Data shown
□ □ □ □ □

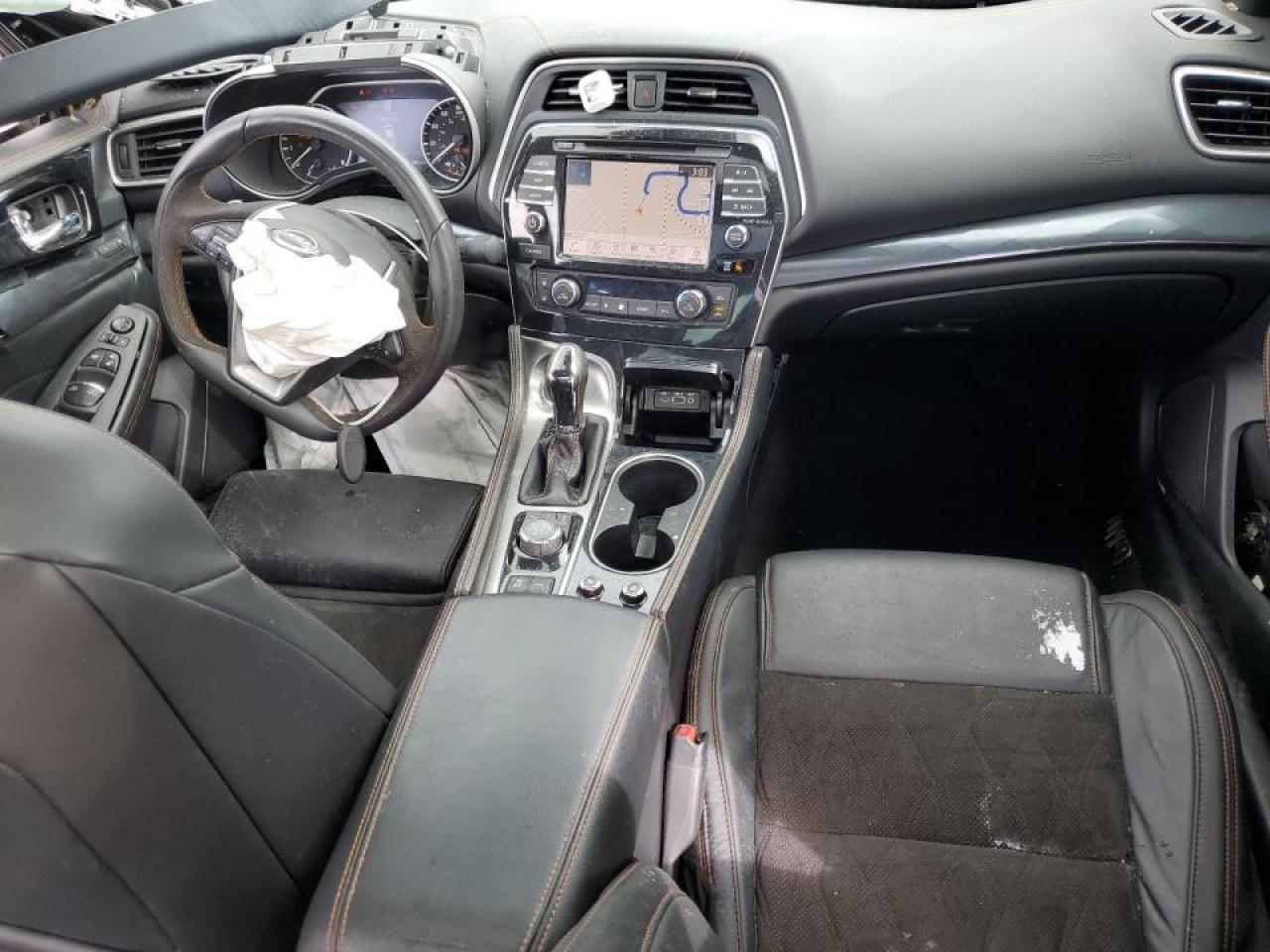 2023 NISSAN MAXIMA SR VIN:1N4AA6EV3PC513170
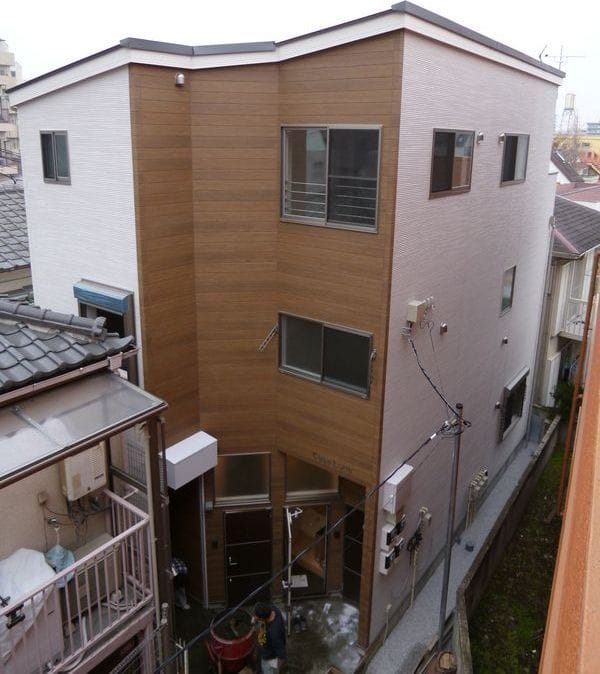 カーサ・ルナの写真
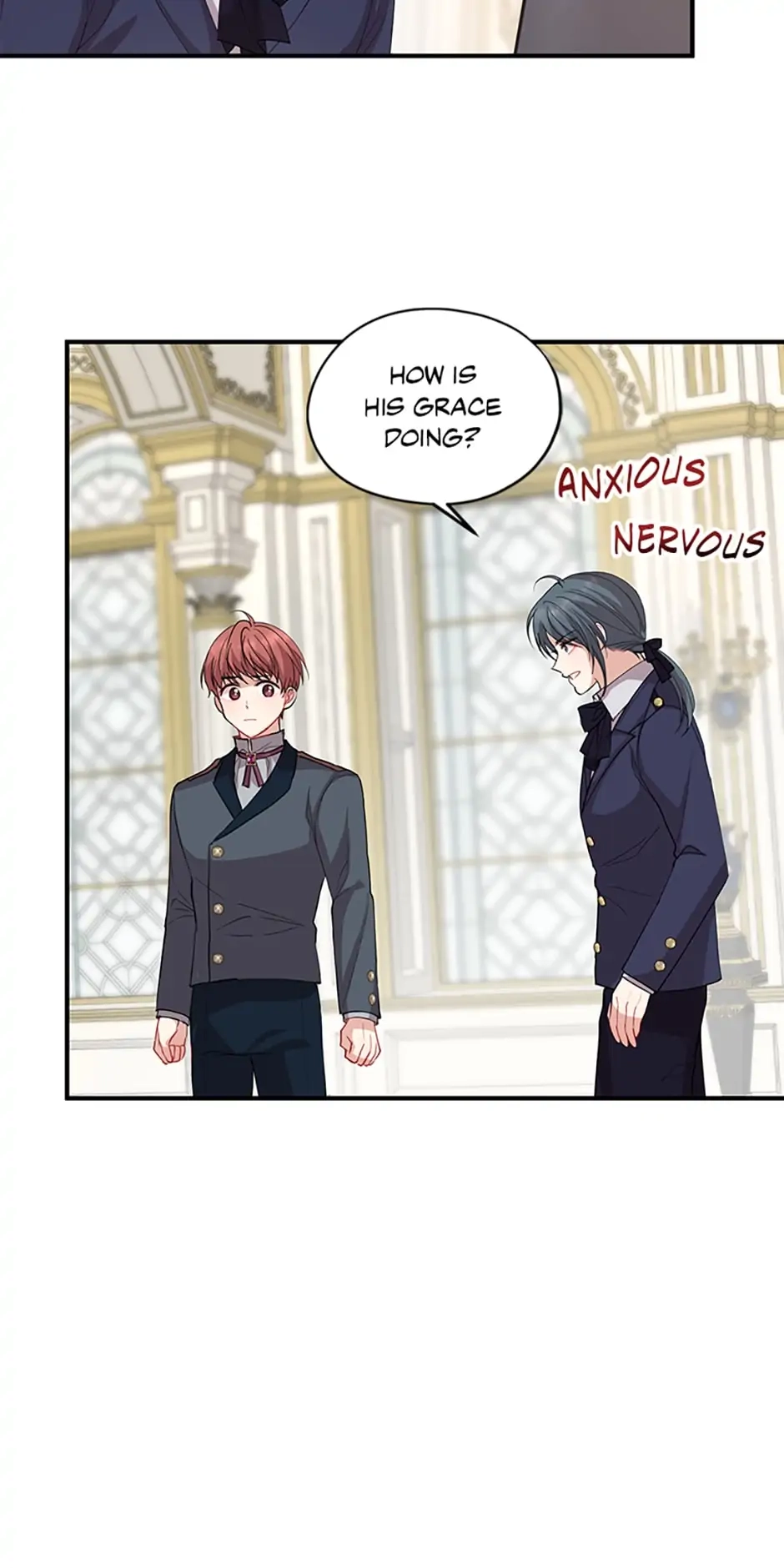 Roelin's Path to the Future Chapter 59 page 10 -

□ □ □ □ □

About this exercise
The material is to be reproduced verbatim, and no picture may appear in the copy.

Answer to this task
 2023 NISSAN MAXIMA SR VIN:1N4AA6EV3PC513170
 カーサ・ルナの写真
 Roelin's Path to the Future Chapter 59 page 10 -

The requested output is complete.